*DIRECTIONS:* Starting at the first line of the listing below, repeat each line exactly until you have repeated the one containing "I'm going to"; skip the pictures.

______________________________

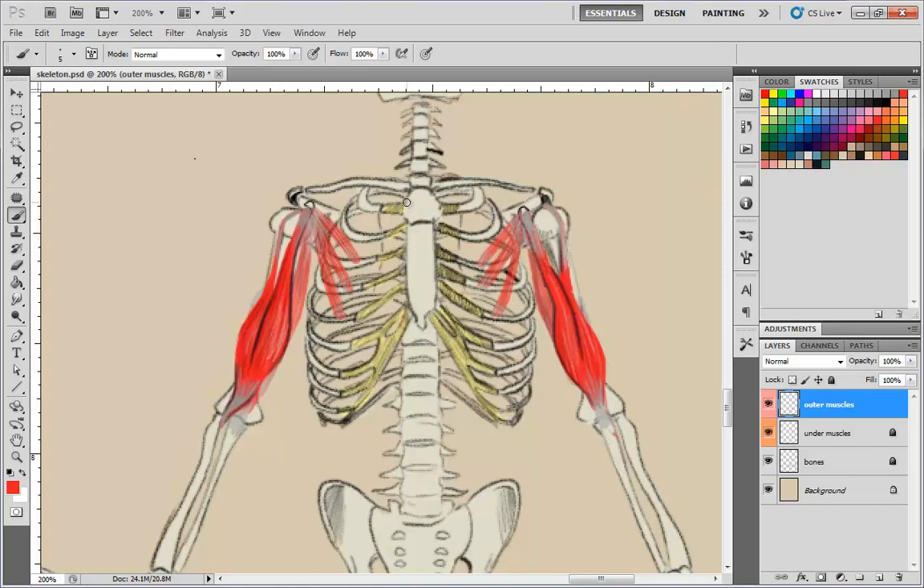First we'll draw the edge where it connects — it kind of skips along the edge here and connects all along the clavicle or collarbone like this. Then the first muscle — we'll think of it as three different muscles — is on the very top. It comes over here and connects to the side of the humerus bone, going over the bicep. It actually connects to the inside groove but does go over the biceps. This is the shape of the first, topmost muscle.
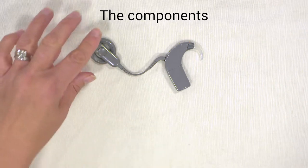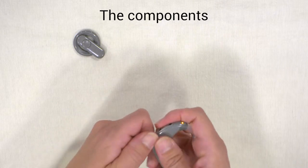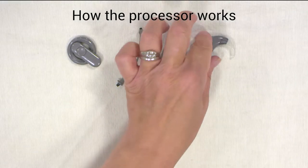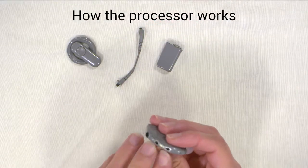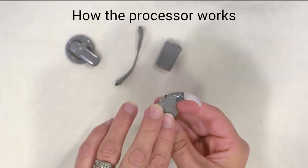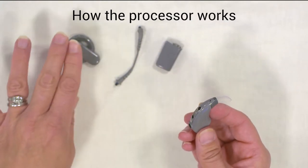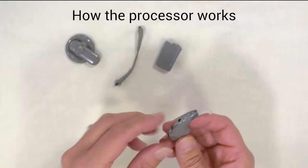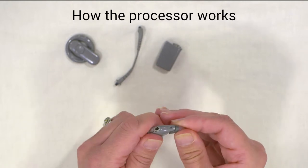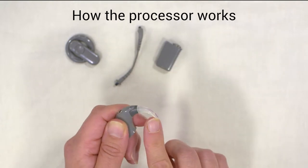I'm going to take the pieces apart first. Starting with the processor — the processor has microphones that pick up the sound. The sound is then converted into an electrical signal and passed on via the coil into the implant. It has an earhook which simply clicks off and clicks back on. The earhooks come in different sizes.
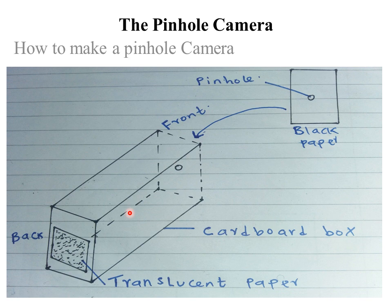After that, cut a square hole of about 6 cm by 6 cm at the back of the box. Cover that hole with a translucent tracing paper or a greased white paper, and fix the paper tightly with glue or solid tape.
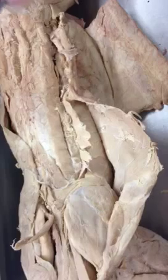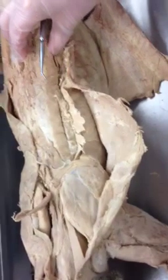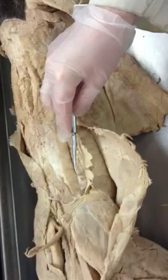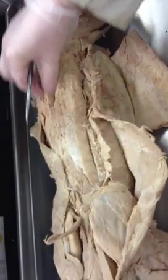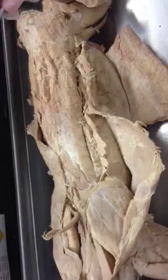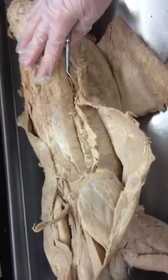So if you remember, we use the mnemonic SLIM: S for spinalis dorsi, representing the spinalis group; L for longissimus dorsi, the middle column; I for iliocostalis, the column furthest from the spine; and M for multifidus spinae, right on the spine. SLIM — remember that. And those are the deep muscles of the back.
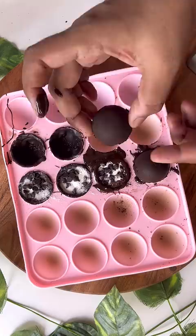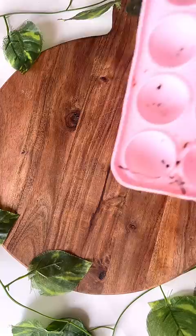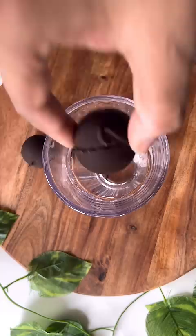Then I put it in a ball shape and put it in the freezer so that everything will be set. Then I put a glass with two balls and put it in warm milk.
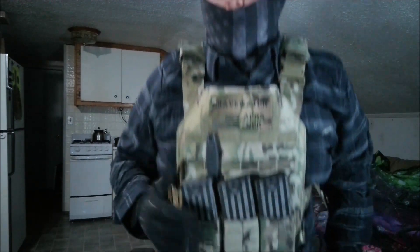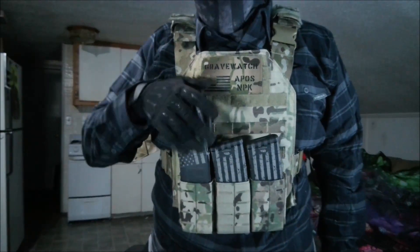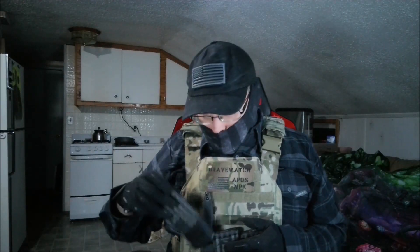I also have on mine the Predator Armor mag pouches, along with their engraved AR-15 Gen 3 mags. There are two offerings for these: the distressed American flag and a middle finger option, which I find incredibly amusing for my use.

______________________________

*OUTPUT FOR THIS TASK:*
First we'll draw the edge where it connects — it kind of skips along the edge here and connects all along the clavicle or collarbone like this. Then the first muscle — we'll think of it as three different muscles — is on the very top. It comes over here and connects to the side of the humerus bone, going over the bicep. It actually connects to the inside groove but does go over the biceps. This is the shape of the first, topmost muscle.
I'm going to take the pieces apart first. Starting with the processor — the processor has microphones that pick up the sound. The sound is then converted into an electrical signal and passed on via the coil into the implant. It has an earhook which simply clicks off and clicks back on. The earhooks come in different sizes.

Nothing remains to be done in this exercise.